● **Saved entries**:
_ _ _

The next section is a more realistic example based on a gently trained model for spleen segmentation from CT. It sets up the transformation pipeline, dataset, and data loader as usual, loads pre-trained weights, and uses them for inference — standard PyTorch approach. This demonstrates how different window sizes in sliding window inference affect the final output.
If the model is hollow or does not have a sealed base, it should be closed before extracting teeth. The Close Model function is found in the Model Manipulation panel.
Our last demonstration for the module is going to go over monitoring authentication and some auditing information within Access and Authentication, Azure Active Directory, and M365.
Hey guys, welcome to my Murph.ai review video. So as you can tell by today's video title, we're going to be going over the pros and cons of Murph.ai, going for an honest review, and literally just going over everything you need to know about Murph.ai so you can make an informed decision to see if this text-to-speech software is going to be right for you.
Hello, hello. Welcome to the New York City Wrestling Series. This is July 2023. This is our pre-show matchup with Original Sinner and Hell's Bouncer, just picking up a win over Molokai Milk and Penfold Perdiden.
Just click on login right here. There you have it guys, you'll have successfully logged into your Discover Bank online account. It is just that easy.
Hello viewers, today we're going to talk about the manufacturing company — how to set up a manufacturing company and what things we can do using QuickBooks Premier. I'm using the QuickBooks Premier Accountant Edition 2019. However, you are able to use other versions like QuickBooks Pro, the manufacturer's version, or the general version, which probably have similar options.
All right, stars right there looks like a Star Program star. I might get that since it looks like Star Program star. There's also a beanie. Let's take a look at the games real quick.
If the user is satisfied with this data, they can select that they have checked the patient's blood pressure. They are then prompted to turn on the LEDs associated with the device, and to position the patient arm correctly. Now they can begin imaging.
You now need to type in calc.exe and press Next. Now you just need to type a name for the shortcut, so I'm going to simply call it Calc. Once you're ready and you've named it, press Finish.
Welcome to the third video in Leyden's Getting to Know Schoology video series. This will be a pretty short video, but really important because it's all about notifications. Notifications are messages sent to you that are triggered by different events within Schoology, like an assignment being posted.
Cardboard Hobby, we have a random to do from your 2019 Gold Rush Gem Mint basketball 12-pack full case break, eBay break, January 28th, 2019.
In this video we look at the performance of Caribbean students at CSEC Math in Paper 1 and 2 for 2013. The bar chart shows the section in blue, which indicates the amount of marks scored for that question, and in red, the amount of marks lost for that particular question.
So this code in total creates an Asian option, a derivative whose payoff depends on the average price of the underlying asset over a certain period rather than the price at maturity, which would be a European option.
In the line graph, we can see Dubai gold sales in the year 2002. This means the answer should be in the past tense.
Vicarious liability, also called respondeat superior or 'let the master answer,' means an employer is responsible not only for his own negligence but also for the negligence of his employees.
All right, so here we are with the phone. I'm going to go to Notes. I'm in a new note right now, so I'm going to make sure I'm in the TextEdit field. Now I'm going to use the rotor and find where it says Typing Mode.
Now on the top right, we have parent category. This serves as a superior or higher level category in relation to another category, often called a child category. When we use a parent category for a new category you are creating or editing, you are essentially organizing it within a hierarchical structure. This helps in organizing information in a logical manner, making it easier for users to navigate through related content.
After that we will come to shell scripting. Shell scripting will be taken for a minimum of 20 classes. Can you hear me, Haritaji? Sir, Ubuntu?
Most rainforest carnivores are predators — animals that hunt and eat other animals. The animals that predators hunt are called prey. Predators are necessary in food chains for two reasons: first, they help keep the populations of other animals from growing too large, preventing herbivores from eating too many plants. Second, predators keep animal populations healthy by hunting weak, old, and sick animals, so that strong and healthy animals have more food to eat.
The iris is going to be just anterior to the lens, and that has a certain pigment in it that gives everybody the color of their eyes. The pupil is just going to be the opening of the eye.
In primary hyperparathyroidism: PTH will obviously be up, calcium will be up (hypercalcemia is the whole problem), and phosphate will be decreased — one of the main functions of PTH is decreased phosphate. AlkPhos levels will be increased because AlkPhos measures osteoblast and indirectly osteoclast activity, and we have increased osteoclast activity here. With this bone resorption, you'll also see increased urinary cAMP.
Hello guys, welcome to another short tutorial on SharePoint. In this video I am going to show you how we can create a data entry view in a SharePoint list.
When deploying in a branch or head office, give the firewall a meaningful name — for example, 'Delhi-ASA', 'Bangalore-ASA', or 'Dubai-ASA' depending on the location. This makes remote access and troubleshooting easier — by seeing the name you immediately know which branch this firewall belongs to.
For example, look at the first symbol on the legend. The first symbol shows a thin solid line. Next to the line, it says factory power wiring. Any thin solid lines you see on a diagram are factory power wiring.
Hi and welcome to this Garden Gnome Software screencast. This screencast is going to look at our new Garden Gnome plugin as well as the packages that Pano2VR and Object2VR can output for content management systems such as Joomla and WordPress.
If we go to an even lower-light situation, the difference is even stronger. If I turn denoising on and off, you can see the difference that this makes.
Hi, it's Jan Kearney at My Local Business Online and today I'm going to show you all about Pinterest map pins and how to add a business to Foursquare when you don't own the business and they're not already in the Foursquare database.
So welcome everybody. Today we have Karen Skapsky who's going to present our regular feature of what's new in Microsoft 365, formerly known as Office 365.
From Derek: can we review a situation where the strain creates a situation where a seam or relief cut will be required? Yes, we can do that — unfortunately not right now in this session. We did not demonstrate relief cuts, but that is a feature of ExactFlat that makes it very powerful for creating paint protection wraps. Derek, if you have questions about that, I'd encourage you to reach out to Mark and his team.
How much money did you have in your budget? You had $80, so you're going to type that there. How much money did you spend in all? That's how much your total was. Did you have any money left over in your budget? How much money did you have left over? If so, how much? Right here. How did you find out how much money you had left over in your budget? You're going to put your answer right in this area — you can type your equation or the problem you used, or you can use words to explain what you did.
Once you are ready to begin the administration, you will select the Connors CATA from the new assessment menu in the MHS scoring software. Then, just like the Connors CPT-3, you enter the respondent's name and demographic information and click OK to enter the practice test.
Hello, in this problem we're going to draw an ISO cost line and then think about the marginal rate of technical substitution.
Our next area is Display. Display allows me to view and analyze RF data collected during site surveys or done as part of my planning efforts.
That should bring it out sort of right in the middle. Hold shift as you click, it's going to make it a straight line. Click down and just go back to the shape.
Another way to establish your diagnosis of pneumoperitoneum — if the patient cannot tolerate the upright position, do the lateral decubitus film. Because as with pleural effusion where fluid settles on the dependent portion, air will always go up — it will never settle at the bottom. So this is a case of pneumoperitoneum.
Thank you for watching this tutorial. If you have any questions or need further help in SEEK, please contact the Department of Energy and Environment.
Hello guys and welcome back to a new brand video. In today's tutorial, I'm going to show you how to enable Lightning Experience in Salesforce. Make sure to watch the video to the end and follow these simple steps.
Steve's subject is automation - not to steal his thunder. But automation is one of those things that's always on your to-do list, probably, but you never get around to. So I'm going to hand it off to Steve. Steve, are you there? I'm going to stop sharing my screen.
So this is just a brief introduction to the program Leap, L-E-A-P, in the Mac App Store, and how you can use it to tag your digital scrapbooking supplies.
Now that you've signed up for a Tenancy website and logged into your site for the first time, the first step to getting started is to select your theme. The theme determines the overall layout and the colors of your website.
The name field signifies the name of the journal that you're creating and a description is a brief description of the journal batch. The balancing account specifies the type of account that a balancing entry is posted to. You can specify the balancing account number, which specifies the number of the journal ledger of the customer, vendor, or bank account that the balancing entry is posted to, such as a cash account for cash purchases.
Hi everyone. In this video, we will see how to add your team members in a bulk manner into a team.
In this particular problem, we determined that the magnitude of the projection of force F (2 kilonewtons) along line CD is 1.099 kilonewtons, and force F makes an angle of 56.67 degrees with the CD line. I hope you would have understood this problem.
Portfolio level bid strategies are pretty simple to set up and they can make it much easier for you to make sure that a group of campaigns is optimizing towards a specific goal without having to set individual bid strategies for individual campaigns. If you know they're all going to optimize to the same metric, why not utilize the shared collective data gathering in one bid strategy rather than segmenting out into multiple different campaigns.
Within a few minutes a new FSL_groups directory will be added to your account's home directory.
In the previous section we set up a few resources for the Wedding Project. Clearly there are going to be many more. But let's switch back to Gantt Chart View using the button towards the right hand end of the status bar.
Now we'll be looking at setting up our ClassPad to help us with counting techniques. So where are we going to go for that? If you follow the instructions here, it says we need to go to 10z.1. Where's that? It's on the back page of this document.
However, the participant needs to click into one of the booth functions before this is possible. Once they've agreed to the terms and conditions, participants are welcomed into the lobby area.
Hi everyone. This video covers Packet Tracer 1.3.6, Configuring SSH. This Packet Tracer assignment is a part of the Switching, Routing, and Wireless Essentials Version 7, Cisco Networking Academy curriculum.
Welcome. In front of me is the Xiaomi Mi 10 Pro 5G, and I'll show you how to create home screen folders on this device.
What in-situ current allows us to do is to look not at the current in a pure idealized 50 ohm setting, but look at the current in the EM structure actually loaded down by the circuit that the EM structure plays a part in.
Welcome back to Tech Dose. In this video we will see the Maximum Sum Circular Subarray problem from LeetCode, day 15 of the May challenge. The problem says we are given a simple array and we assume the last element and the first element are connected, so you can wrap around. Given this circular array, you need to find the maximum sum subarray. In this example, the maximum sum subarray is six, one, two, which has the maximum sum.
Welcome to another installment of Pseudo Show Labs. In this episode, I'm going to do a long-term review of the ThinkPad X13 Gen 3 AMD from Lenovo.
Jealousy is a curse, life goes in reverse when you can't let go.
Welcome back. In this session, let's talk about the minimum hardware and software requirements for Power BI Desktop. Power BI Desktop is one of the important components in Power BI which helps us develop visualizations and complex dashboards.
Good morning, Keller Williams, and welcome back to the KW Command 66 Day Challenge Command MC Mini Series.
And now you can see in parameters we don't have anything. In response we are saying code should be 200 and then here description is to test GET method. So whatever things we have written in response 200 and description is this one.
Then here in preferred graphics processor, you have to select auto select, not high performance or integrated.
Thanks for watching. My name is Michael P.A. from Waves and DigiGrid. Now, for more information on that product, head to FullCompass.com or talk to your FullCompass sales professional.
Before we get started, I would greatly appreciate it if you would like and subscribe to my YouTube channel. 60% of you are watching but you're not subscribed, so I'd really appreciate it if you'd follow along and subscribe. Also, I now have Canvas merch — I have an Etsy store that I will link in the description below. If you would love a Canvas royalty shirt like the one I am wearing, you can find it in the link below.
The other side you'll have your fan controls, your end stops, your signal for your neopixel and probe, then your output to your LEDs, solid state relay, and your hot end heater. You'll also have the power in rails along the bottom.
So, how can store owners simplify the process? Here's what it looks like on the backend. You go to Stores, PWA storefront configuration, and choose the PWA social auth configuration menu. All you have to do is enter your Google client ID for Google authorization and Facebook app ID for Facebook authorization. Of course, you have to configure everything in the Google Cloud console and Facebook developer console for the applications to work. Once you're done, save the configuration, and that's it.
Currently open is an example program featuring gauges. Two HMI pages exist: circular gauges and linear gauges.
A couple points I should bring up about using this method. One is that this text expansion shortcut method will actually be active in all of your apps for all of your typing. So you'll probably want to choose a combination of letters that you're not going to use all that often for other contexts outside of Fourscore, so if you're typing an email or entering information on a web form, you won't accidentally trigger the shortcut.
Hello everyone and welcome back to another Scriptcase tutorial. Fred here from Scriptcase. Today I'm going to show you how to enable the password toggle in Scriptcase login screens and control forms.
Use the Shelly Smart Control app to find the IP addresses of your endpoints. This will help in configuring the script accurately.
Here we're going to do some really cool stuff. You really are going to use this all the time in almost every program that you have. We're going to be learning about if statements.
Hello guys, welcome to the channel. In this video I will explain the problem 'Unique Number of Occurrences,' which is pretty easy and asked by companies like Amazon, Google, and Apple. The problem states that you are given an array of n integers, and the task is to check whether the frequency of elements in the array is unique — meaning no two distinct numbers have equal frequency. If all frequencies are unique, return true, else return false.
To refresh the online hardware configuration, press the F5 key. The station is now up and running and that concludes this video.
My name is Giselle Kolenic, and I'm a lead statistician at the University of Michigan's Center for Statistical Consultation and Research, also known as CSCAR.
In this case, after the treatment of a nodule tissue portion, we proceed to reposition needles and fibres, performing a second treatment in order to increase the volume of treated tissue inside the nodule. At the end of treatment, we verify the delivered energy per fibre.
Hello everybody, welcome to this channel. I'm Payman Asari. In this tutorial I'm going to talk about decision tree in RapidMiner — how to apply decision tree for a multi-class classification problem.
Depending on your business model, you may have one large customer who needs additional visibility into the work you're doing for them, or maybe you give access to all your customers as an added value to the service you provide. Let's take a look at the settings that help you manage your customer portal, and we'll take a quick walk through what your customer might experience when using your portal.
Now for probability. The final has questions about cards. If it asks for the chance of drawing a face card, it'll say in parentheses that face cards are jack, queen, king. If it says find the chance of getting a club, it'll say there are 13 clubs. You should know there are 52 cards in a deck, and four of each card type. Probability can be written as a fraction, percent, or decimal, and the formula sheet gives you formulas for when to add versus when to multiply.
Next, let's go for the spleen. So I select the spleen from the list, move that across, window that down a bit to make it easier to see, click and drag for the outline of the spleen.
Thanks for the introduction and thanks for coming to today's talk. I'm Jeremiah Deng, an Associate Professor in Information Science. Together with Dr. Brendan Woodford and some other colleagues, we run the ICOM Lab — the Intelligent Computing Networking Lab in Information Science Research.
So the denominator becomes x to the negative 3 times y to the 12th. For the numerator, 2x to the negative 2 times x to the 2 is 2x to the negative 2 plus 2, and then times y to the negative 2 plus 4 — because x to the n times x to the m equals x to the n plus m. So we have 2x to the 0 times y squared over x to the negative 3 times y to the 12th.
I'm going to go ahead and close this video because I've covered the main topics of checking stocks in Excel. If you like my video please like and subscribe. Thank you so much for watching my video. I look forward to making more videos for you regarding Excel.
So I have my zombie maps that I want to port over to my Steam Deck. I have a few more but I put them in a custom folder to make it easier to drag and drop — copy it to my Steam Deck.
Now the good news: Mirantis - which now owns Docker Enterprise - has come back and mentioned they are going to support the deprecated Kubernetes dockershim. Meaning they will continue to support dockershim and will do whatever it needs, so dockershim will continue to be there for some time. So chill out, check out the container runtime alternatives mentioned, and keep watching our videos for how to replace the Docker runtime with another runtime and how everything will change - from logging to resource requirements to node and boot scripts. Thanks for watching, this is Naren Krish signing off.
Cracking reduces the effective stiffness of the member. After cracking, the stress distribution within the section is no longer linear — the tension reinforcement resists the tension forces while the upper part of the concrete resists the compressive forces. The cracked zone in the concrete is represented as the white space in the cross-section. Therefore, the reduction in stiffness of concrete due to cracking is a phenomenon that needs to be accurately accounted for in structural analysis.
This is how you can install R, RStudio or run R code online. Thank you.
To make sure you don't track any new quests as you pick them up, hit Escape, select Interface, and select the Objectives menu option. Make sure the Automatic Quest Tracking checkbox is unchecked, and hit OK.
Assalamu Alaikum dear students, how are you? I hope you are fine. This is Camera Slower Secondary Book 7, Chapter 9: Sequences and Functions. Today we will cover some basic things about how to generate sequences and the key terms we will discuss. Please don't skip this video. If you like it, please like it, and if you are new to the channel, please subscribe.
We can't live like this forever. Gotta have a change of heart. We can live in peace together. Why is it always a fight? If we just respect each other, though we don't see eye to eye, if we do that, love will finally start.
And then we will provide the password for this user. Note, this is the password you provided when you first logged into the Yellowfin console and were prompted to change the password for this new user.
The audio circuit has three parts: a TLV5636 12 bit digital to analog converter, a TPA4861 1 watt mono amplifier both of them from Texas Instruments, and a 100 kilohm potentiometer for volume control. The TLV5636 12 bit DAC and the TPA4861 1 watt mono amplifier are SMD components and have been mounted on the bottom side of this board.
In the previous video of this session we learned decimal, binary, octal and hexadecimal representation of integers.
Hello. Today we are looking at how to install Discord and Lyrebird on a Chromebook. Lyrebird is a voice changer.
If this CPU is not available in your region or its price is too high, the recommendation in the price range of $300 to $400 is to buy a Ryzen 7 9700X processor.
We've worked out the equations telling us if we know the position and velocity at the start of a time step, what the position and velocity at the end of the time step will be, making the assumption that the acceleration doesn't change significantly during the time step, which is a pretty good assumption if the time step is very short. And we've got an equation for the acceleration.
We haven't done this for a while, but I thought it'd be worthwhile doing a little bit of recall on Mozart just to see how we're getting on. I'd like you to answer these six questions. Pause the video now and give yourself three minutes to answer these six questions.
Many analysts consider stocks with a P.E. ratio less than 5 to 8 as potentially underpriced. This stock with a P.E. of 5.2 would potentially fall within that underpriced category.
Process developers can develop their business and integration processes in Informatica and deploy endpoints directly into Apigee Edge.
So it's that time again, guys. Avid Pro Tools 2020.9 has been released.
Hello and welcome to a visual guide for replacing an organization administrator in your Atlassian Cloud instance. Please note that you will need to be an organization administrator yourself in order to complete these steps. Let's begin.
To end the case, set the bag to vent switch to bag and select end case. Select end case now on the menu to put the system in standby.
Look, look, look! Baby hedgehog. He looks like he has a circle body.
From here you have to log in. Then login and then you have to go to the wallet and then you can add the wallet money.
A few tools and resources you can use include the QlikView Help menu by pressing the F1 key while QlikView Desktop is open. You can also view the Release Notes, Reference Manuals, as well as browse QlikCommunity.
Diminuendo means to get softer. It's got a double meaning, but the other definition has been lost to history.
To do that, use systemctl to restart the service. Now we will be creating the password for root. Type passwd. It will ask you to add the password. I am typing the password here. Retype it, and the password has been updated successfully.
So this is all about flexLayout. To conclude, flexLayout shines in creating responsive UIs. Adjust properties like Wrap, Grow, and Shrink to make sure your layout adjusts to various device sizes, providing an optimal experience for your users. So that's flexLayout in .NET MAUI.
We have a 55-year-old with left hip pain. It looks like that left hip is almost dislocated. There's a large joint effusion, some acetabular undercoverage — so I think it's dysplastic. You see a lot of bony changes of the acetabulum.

_ _ _

● **Exercise brief**: Above are the records; from them, give again exactly the lines from the one containing "To make sure you don't" through the one containing "We've worked out", both included.

● **Answer section**:
To make sure you don't track any new quests as you pick them up, hit Escape, select Interface, and select the Objectives menu option. Make sure the Automatic Quest Tracking checkbox is unchecked, and hit OK.
Assalamu Alaikum dear students, how are you? I hope you are fine. This is Camera Slower Secondary Book 7, Chapter 9: Sequences and Functions. Today we will cover some basic things about how to generate sequences and the key terms we will discuss. Please don't skip this video. If you like it, please like it, and if you are new to the channel, please subscribe.
We can't live like this forever. Gotta have a change of heart. We can live in peace together. Why is it always a fight? If we just respect each other, though we don't see eye to eye, if we do that, love will finally start.
And then we will provide the password for this user. Note, this is the password you provided when you first logged into the Yellowfin console and were prompted to change the password for this new user.
The audio circuit has three parts: a TLV5636 12 bit digital to analog converter, a TPA4861 1 watt mono amplifier both of them from Texas Instruments, and a 100 kilohm potentiometer for volume control. The TLV5636 12 bit DAC and the TPA4861 1 watt mono amplifier are SMD components and have been mounted on the bottom side of this board.
In the previous video of this session we learned decimal, binary, octal and hexadecimal representation of integers.
Hello. Today we are looking at how to install Discord and Lyrebird on a Chromebook. Lyrebird is a voice changer.
If this CPU is not available in your region or its price is too high, the recommendation in the price range of $300 to $400 is to buy a Ryzen 7 9700X processor.
We've worked out the equations telling us if we know the position and velocity at the start of a time step, what the position and velocity at the end of the time step will be, making the assumption that the acceleration doesn't change significantly during the time step, which is a pretty good assumption if the time step is very short. And we've got an equation for the acceleration.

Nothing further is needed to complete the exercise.